Embodying Commitment

Does contemplating the LORD’s steadfastness move us to apathy and passiveness? Au contraire, this knowledge moves us to live radically differently. “Or do you presume on the riches of his kindness and forbearance and patience, not knowing that God’s kindness is meant to lead you to repentance?” (Romans 2:4). The church is called to perseverance, steadfastness, and grit in their faith amidst troubles and tribulation (1 Corinthians 15:58; 1 Thessalonians 1:2–3; Galatians 6:9; Hebrews 10:36).
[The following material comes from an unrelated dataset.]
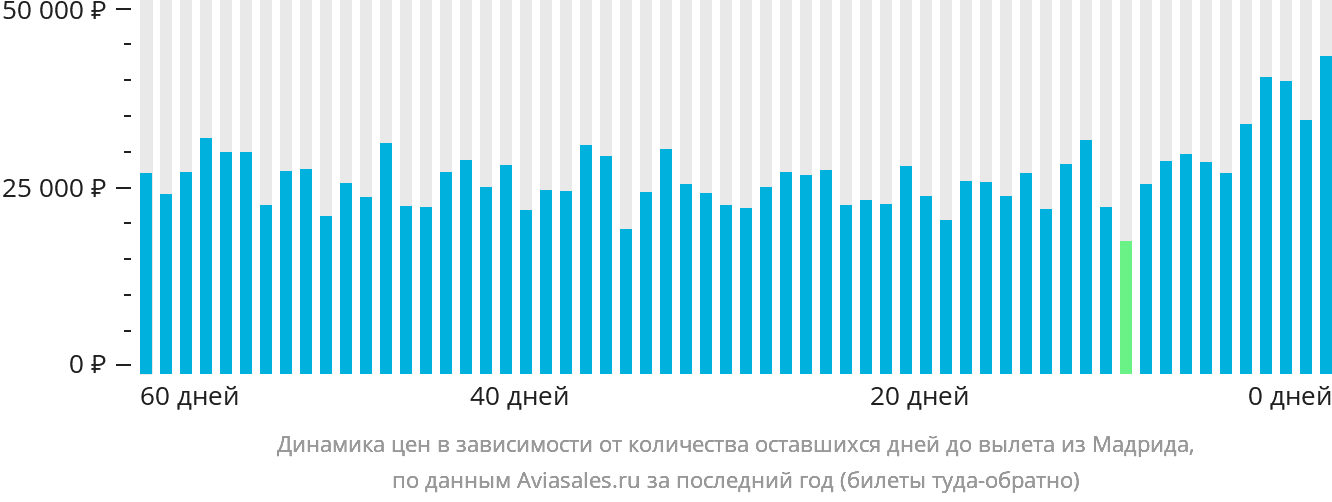 Динамика цен в зависимости от количества оставшихся дней до вылета из Мадрида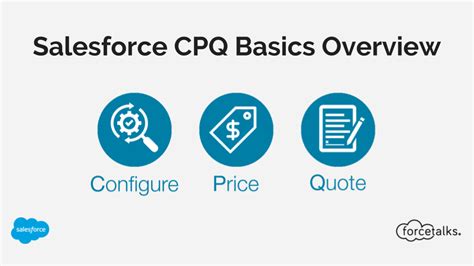 Salesforce CPQ Basics Overview Forcetalks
What would it look like for us to model God’s steadfastness in our relationships and community? Not like jumping from person to person, from church to church. Taking relationships seriously. The deeper you go, the more committed you are. It’s less about comfort, convenience, and efficiency, and more about sacrifice and choosing love. Commitment is meaningless if there are never conflicts; it is when feelings are hurt, relationships damaged, and yet we choose to forgive and love that commitment finds its value—and through it, the love shows (Colossians 3:13–14). Is that not exactly how we represent Christ’s love in a suffering world?

On Idealism

We give up our lofty idealism and our vain imaginations about the ideal community and the ideal friend/brother/lover, instead choosing to love people around us as they are. In doing so we transition from being ‘takers’ to being ‘givers’. 
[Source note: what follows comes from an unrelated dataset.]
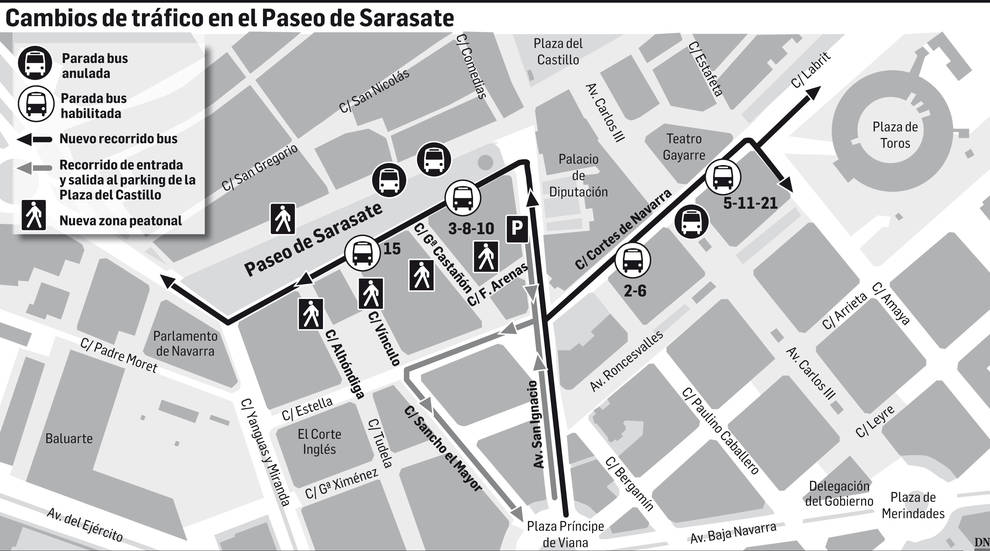 El paseo de Sarasate amplía este sábado su zona peatonal y habrá cambios en el tráfico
Theologian and anti-Nazi dissident Bonhoeffer put it best:

“Every human wish dream that is injected into the Christian community is a hindrance to genuine community and must be banished if genuine community is to survive. He who loves his dream of a community more than the Christian community itself becomes a destroyer of the latter, even though his personal intentions may be ever so honest and earnest and sacrificial.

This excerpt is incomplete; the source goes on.